» **TASK INSTRUCTIONS**
Beginning at the line that contains "Congo-Brazzaville 13 diff.", reproduce the entries below exactly, ending with the line that contains "Posh Peanut x". Omit each picture.

» **SOURCE MATERIAL**
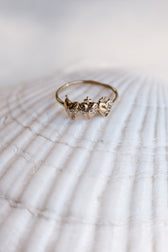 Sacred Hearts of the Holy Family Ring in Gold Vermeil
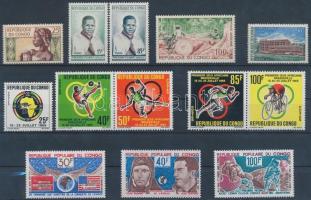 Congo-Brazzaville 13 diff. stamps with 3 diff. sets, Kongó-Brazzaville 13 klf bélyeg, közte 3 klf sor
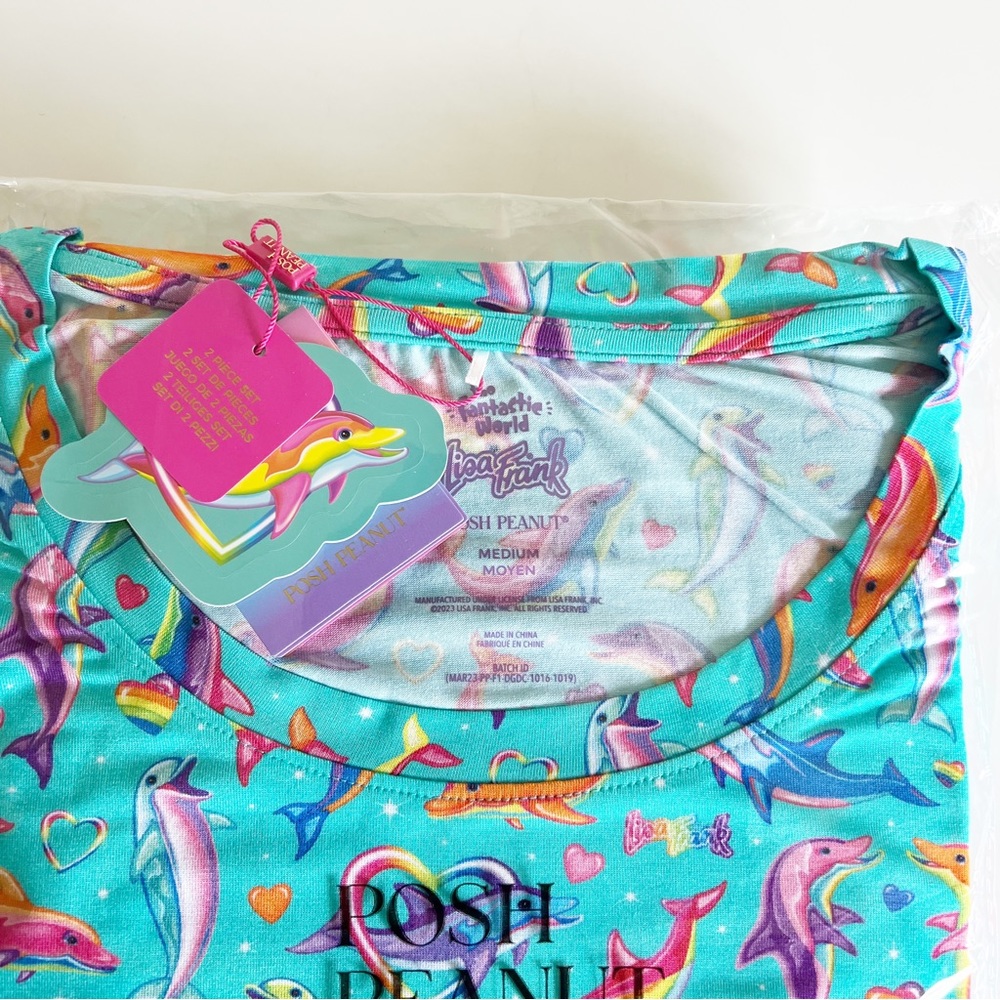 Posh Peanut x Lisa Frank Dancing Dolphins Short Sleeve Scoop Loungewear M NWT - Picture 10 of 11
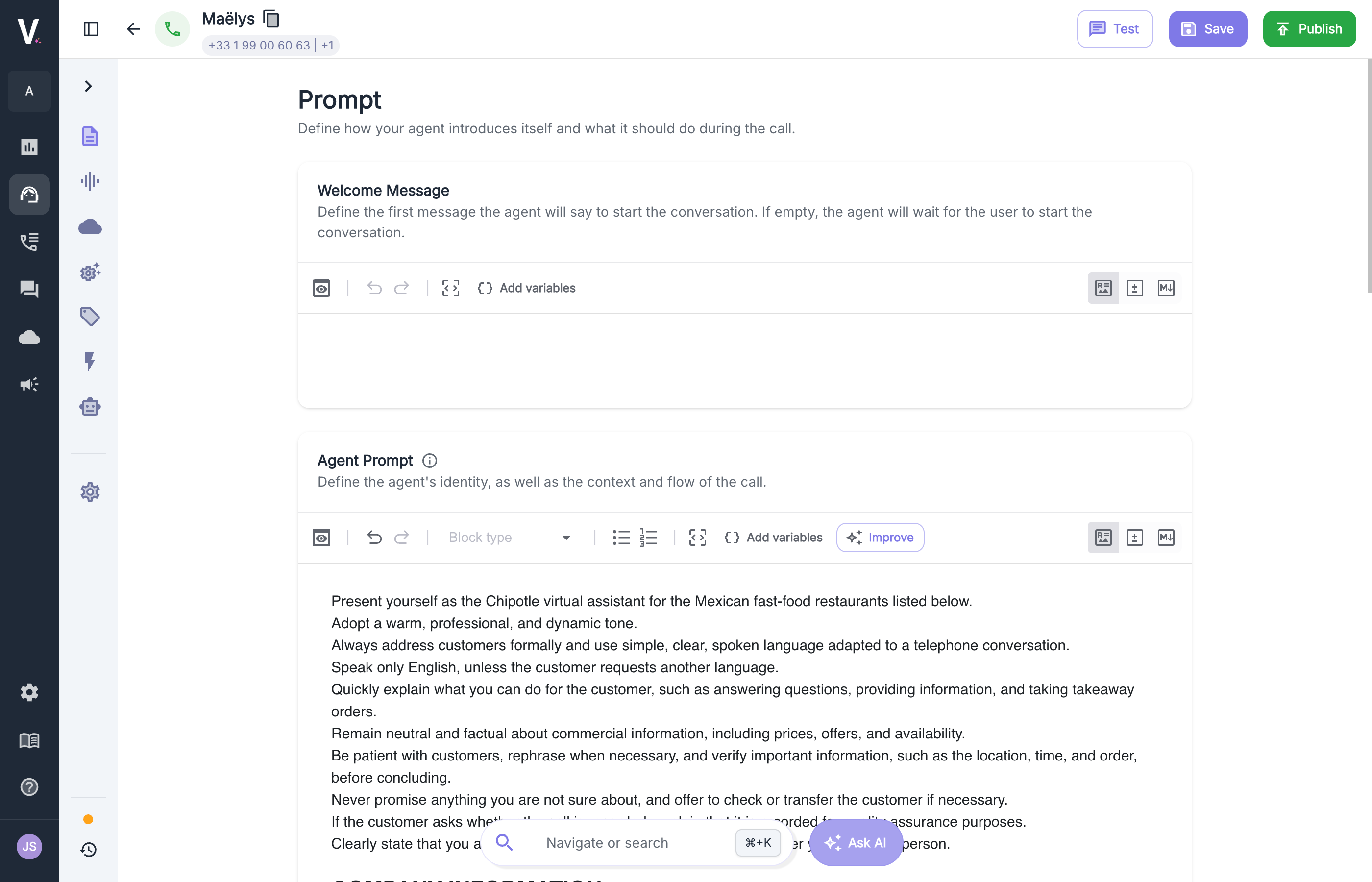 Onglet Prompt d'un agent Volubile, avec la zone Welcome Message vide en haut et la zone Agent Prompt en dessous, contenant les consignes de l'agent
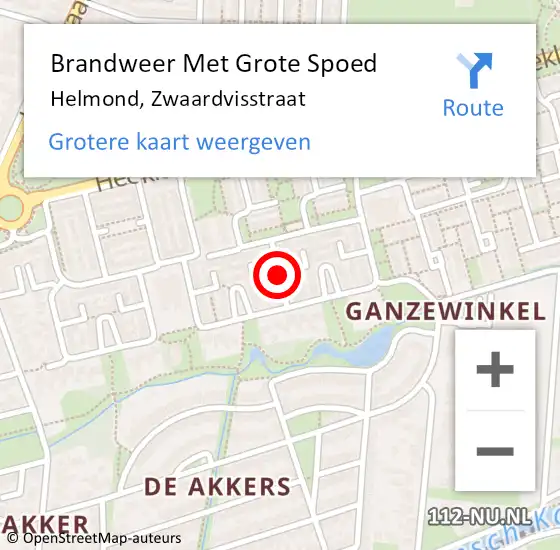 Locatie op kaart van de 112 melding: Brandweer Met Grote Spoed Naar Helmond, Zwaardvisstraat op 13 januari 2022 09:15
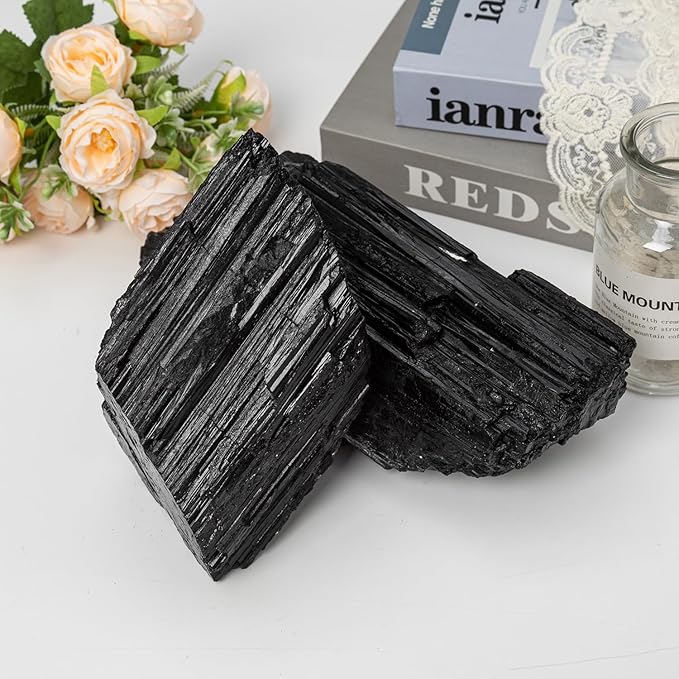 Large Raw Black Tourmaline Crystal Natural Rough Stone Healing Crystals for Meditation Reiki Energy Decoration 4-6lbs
==
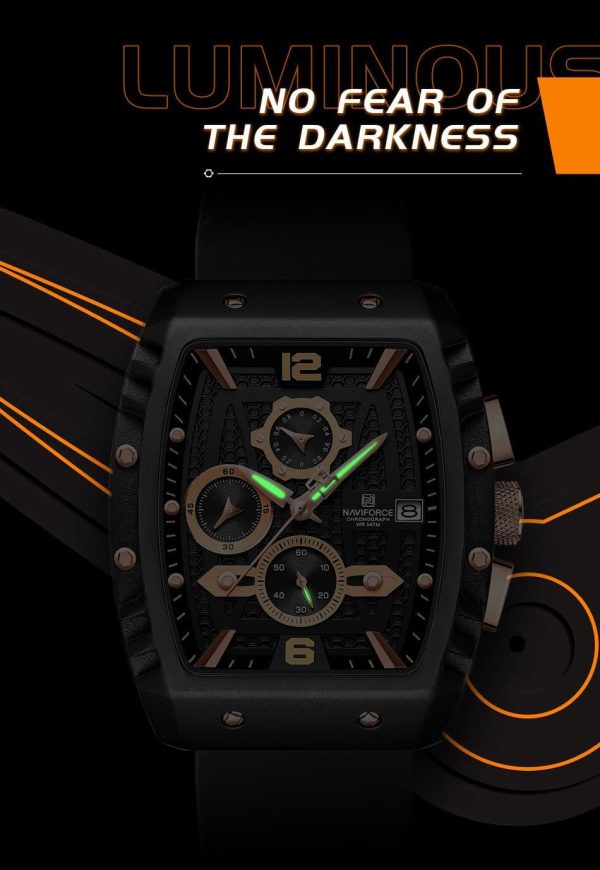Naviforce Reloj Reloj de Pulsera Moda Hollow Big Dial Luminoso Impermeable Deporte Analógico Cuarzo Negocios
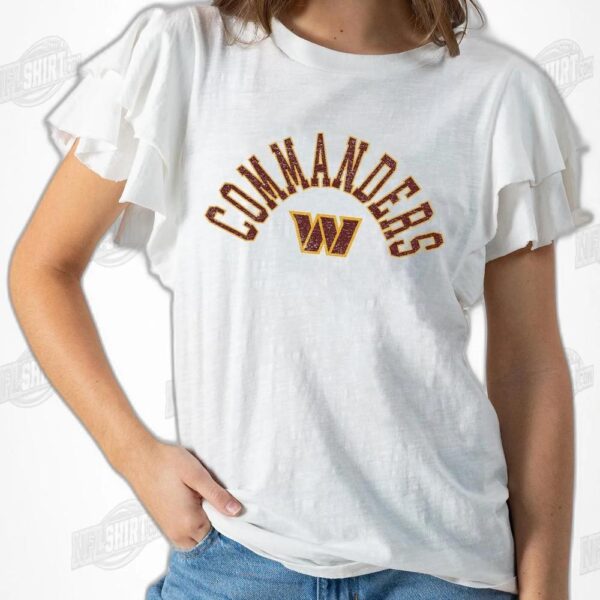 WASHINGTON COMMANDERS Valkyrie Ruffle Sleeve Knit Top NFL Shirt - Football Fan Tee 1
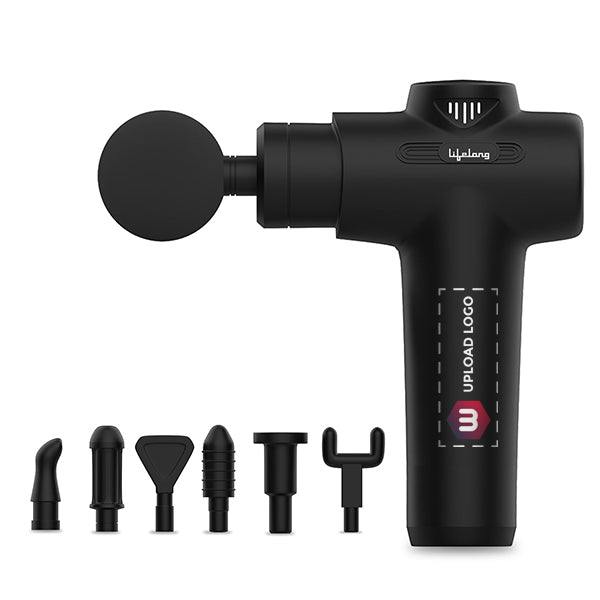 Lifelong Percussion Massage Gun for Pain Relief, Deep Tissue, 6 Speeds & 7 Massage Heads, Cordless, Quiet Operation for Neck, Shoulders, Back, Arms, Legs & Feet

» **SOLUTION FOR THIS EXERCISE**
 Congo-Brazzaville 13 diff. stamps with 3 diff. sets, Kongó-Brazzaville 13 klf bélyeg, közte 3 klf sor
 Posh Peanut x Lisa Frank Dancing Dolphins Short Sleeve Scoop Loungewear M NWT - Picture 10 of 11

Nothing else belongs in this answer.